Elizabeth practically shouted her own version of the Ave Maria when Mary came to visit: “Blessed are you among women!”
This
is how we want to see you: Blessed, exalted, favored, chosen. We clothe your
images in the finest fabrics and lace. We dress you in gold and silver. We want
you to be the epitome of strength, beauty and serenity for us.

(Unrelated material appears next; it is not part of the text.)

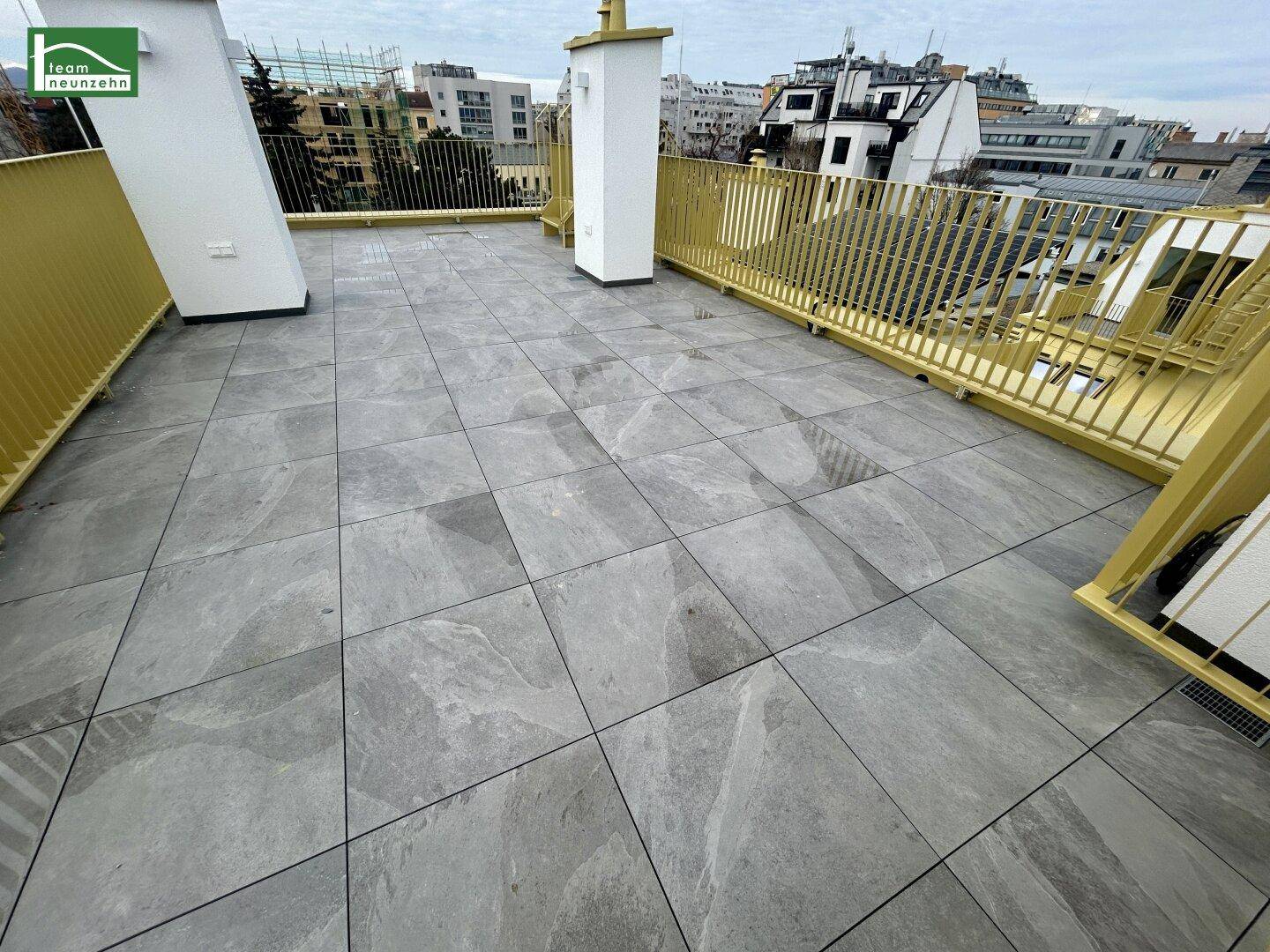 Weitläufige Dachterrasse mit modernen Fliesen und gelben Geländern, ideal für Entspannung im Freien.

But we forget the elder Simeon’s blessing. He said a sword would pierce your soul. We forget your utter terror when Herod’s soldiers came looking for your baby; they slaughtered so many children. We forget the horrors of gathering your newborn in the dark of night in a desperate escape. We forget the fear of crossing borders into an alien country, of becoming refugees, strangers in a strange land. We forget your years of wandering furtively over Egyptian countryside, struggling with language and laws, all the while seeking shelter and food.
We
forget the panic your felt when Jesus went missing for three days, missing in a
large anonymous crowd, missing somewhere in the tense urban streets and alleys
of Jerusalem.
We
forget the apparent rejection by Jesus himself when you and your other children
came to talk with him. “Who is my mother?” he said. That must have hurt. Then pointing
to the crowd, he added,
“These
are my mother and my siblings. Those who do the will of God, they are my
family.” Was this a sword that sword pierced your soul?
We
forget the agony of watching helplessly by as your child was arrested by brutal
guards, tried in a sham show trial, and scourged in a public setting while
crowds jeered and mocked.
We
forget your nausea when your son staggered beneath the weight of his cross on
the road to Golgotha. We forget, Mary, that you watched life ebb from the very
body you brought forth from your own.
We
forget how, as the sun descended, you accompanied his broken body to a borrowed
tomb. We forget the heavy rock that barred you from giving even a farewell kiss
to your beloved child.
Perhaps
you knew an even greater pain through all of this.
Judith
Dupré once wrote,
“We cannot know the inner
recesses of another person’s soul... As parents or caregivers, we plan, hope,
and nurture, but the day comes when our children let go of our hands. (They) venture
forth into the world to taste it on their own terms, and that world – their
world – is not ours to know…”
Did you know this child? Really
know him? Do any of us ever really know the “other”, even when the “other” is
our own child?
Clara Park had an autistic
daughter. She described her this way:
“She moved among us every day - among us,
but not of us... She existed among us, (but) she had her own being elsewhere…”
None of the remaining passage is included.